Gotta Dance!

Review of A Chorus Line, Playhouse on Park

A Pulitzer Prize winner in 1976, A Chorus Line, book by James Kirkwood, Jr., and Nicholas Dante, isn’t much of a play. More even than most musicals, it only works because of the songs—music by Marvin Hamlisch and lyrics by Edward Kleban—and the dance routines. That’s fitting, since the play is about the hopes and humiliations, the joys and defeats of trying to maintain a career as a chorus line dancer. I imagine its main claim to distinction, back in the Seventies, was in its humanizing of the usually faceless professionals whose precision forms the undeviating oneness of the quintessential Broadway chorus line. In pursuing that theme, rather relentlessly, the play puts real life on the stage while maintaining the romance with the stage that drives the show’s aspirants.

Zach (Eric S. Robertson, in white vest) with assistant Larry (Spencer Pond), and the cast of A Chorus Line (photo: Rich Wagner)

Zach (Eric S. Robertson, in white vest) with assistant Larry (Spencer Pond), and the cast of A Chorus Line (photo: Rich Wagner)

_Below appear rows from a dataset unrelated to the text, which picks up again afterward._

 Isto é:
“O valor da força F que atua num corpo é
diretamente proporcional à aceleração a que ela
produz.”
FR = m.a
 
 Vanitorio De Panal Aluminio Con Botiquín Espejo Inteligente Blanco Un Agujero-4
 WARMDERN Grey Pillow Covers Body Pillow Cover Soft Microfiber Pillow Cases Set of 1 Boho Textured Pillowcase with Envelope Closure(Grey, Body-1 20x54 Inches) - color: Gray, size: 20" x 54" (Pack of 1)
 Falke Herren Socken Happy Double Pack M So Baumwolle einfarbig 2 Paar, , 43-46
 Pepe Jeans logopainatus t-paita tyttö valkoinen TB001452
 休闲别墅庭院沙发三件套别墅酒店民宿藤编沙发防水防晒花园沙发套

The play’s claim on our attention now, in a mostly non-professional production at Playhouse on Park, directed by co-artistic directors Sean Harris and Darlene Zoller, with choreography by Zoller, is the way it puts its dancers through paces that impress us with their facility in such an intimate space. We do feel like a fly on the wall of the rehearsal room as try-outs take place, governed by Zach (Eric S. Robertson), who is mostly humorless, detached, and unsympathetic. Even when confronted by a former lover, Cassie (Michelle Pruiett), who has had some star turns without becoming a star and wants to come back to the chorus line, though not back to him, Zach never becomes a character. Cassie fairs a bit better—she at least gets a great dance routine to express herself with—but the lack of real interest in their story is evident in the script itself. All the show’s interest lies in the tell-all autobiographies Zach manages to elicit from his auditioning group.

Cassie (Michelle Pruiett), solo dance routine (photo: Rich Wagner)

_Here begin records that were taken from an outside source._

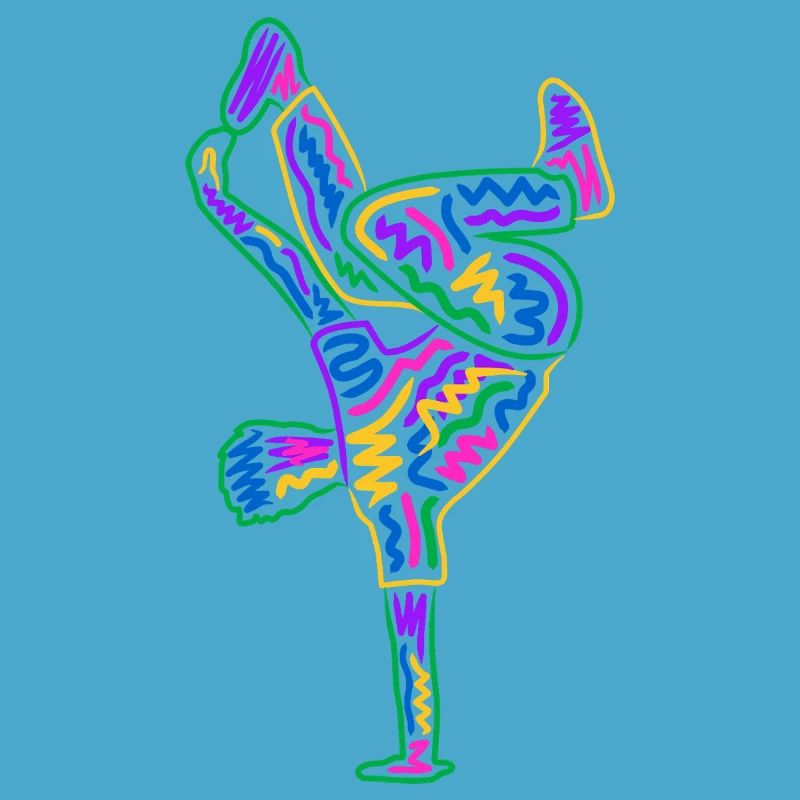 Breakdancing Breakdancer Colorful Boys Breakdance
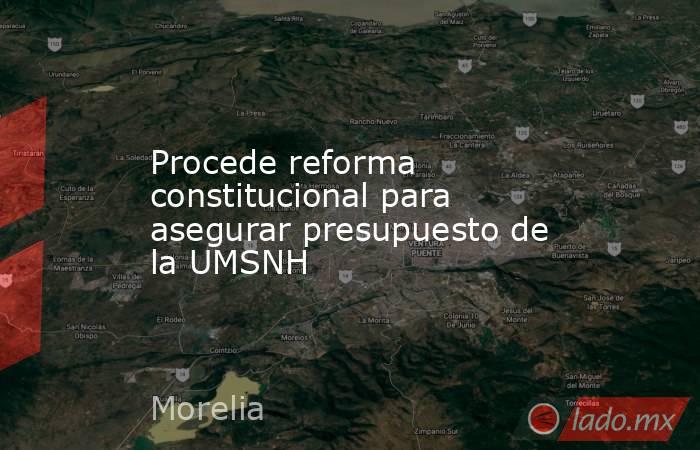 Procede reforma constitucional para asegurar presupuesto de la UMSNH. Noticias en tiempo real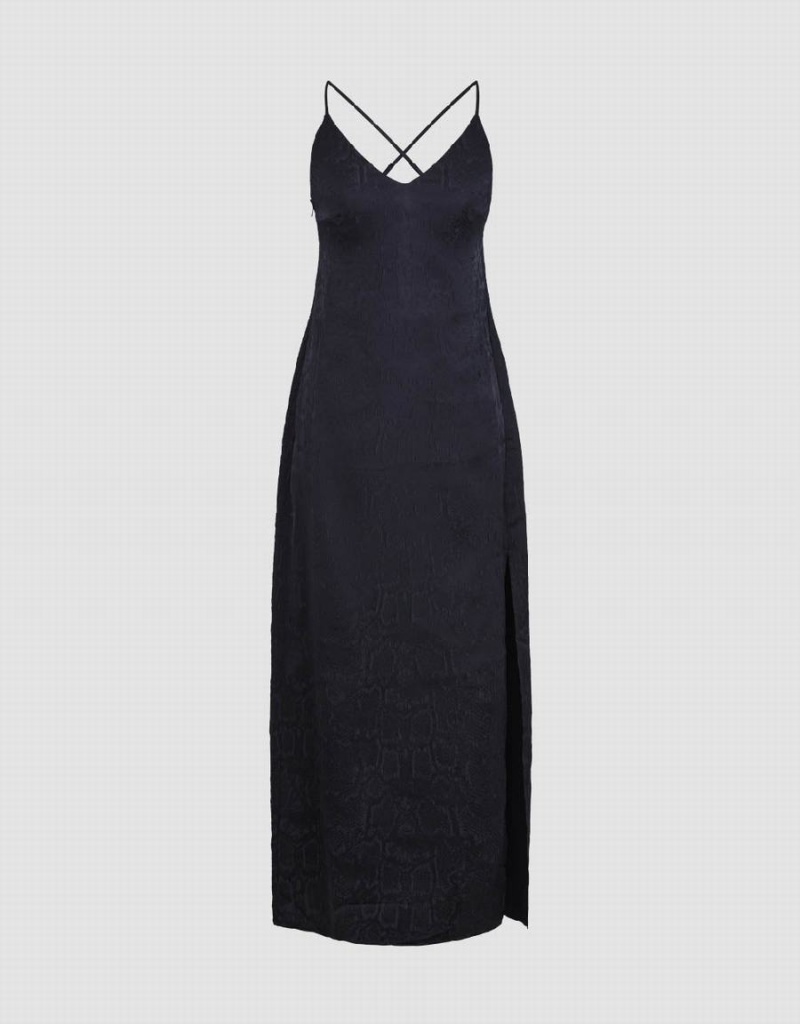 Black Women's Urban Revivo V-Neck Straight Cami Dress | LWP9122VO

Cassie (Michelle Pruiett), solo dance routine (photo: Rich Wagner)

After first pruning a few from the opening routine, Zach has 17 to choose from for a cast of 8, four men and four women. That means a harsh principle of selection will apply, and his coercing of personal info from the dancers can seem awfully manipulative, given that most of them won’t be getting a job. The power play behind theater is always in evidence, and the degree to which the successful candidates here must both expose and efface themselves is what drives the drama.

As do the stories we hear: a few are amusing and upbeat, such as the stellar moves Mike (Alex Polzun) puts into “I Can Do That,” or Bobby (Peej Mele)’s dry take on growing up in Buffalo, or a charming tale of teen cluelessness from Mark (Jared Starkey); others are ironic, as in Val (Andree Buccheri)’s take on the part looks play in a successful stage career (“Dance: Ten, Looks: Three”), or Diana (Bobbi Barricella)’s tale of rejection by an early theater teacher (“Nothing”), or simply comic—Kristine (Mallory Cunninghams)’s song, abetted by her husband Al (Jeremy Seiner), in which she proves she can’t sing (“Sing”); then there’s Sheila (Tracey Mellon)’s tale of a rough home life juxtaposed with the enthrallment of performance (“At the Ballet”), or Paul (Tino Ardiente)’s tale of how his work in a drag review provoked his inadvertent coming-out to his parents. Because the stories keep close to what actual people might reveal of themselves, they manage to avoid outright cliché, though the influence of A Chorus Line is bound to make the stories feel familiar even if you haven’t seen the show before. But the reason to see it again is to see how a new battery of try-outs take to the parts.

Most are well-cast, and most acquit themselves well, though sometimes lyrics become a bit unintelligible, whether that’s due to the quality of the mics each performer wears or to the fact that it’s easy to get breathless when singing and dancing simultaneously. In the end, you may not agree with Zach’s selection of the final 8, but that will have to do with how you respond to the individual characters, and probably the individual actors, and that’s probably the point. Mellon’s Sheila, for instance, doesn’t make the cut, but she’s certainly an asset to this production, while other choices, such as Richie (Ronnie Bowman, Jr.), are no-brainers.

Greg (Max Weinstein), Sheila (Tracey Mellon), Richie (Ronnie Bowman, Jr.), Judy (Cara Rashkin), and the cast of A Chorus Line (photo: Rich Wagner)

Greg (Max Weinstein), Sheila (Tracey Mellon), Richie (Ronnie Bowman, Jr.), Judy (Cara Rashkin), and the cast of A Chorus Line (photo: Rich Wagner)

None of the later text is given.